Through BisB, I am working to activate the fashion/visual media industry to
expand the notions of beauty and femininity to include a bald woman. The
fashion & beauty industry can make a huge difference while making a powerful and
compelling statement by diversifying the images used to depict women's
beauty to include what is currently seen and felt as imperfection or loss of
beauty. By contributing
towards the expansion of ideas of what constitutes beauty and helping dispel the
stigma that is associated with hair loss due to chemo, alopecia,
or other hair loss conditions, women will have positive reflections
of themselves in the media instead of images that make us feel worse then we might
already feel while we are trying to heal. We can make choices from a place of self-love and
the desire to nurture ourselves, instead of being made to feel inadequate.

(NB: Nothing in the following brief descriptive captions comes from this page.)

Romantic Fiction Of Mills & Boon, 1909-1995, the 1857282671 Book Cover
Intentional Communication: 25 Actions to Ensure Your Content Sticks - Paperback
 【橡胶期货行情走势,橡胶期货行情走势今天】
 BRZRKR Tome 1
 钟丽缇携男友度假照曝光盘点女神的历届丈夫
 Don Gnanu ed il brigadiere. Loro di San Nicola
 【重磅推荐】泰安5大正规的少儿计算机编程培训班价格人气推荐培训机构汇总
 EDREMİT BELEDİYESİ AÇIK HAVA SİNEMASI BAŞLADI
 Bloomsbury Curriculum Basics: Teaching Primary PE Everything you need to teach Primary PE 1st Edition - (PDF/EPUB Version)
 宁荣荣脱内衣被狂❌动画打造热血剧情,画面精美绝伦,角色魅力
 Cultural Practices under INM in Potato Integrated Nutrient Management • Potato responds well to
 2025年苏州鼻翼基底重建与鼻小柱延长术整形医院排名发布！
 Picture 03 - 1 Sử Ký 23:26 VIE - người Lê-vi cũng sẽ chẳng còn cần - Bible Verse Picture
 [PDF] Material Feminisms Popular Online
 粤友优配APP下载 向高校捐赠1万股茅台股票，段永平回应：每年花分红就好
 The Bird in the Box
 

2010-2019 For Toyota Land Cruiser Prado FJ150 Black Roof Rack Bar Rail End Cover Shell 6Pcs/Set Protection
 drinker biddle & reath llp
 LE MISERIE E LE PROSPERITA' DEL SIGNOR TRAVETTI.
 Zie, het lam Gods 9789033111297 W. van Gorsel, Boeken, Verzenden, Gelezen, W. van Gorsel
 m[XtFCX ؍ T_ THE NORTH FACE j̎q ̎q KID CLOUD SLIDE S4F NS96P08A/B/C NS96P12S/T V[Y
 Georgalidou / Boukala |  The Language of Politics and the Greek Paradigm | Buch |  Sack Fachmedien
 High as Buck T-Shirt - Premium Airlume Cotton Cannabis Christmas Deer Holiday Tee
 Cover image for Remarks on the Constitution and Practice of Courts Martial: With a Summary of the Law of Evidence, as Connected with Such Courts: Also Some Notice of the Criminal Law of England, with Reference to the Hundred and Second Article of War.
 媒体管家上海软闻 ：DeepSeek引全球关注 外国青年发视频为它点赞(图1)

If enough people see a bald head like mine in the context of visual media
in which people seek out what is considered fashionable, then it will
engender compassion and acceptance from the public-at-large for
women who are so deserving of a big societal hug.
As it stands now, because society has embraced the currently-en-vogue
male baldness with high profile actors and sports figures donning
their shiny or lightly stubbled crowns on the small and big screens as well as
in magazines, men who face losing their hair have countless positive images to
support them through that change. This is not true for women (yet). Even in the
face of a life-threatening illness, the loss of hair is often considered the
most emotionally devastating aspect for a woman.
What's a girl to do without her hair? After all, it is so much a part of one's
identity, isn't it? There is no room for any negative energy in this process; it
is one small part of a larger journey. Women can embrace their chemo-induced
baldness with a sense of adventure and in fact be proud to be bald. My
gleaming, smooth crown is a badge of courage, of survival.
A woman who chooses to cover her baldness should not do so because she is
hiding or ashamed or out of embarrassment, but rather because
she is choosing to reinvent, redesign herself in whatever way she
desires, with or without headgear. It's time to start telling women that our
womanhood and femininity is not determined by the sum of our parts. With or
without hair, one or both breasts, or reproductive organs, we are beautiful,
desirable, and spiritually perfect as we are.
Fashion/visual media is the
visual component of BisB. Ultimately I hope that the exposure and visibility I
can get will give me the platform to speak about the things I have been inspired
to share from my personal experience with cancer, and help others learn to
understand, empower, and, most of all, love and heal ourselves
and each other throughout and through every aspect of this journey and the
rest of their lives.
A picture is worth a thousand words. Give voice to my mission of
awareness, compassion, sensitivity, the beauty of
individuality, and most of all, humanity.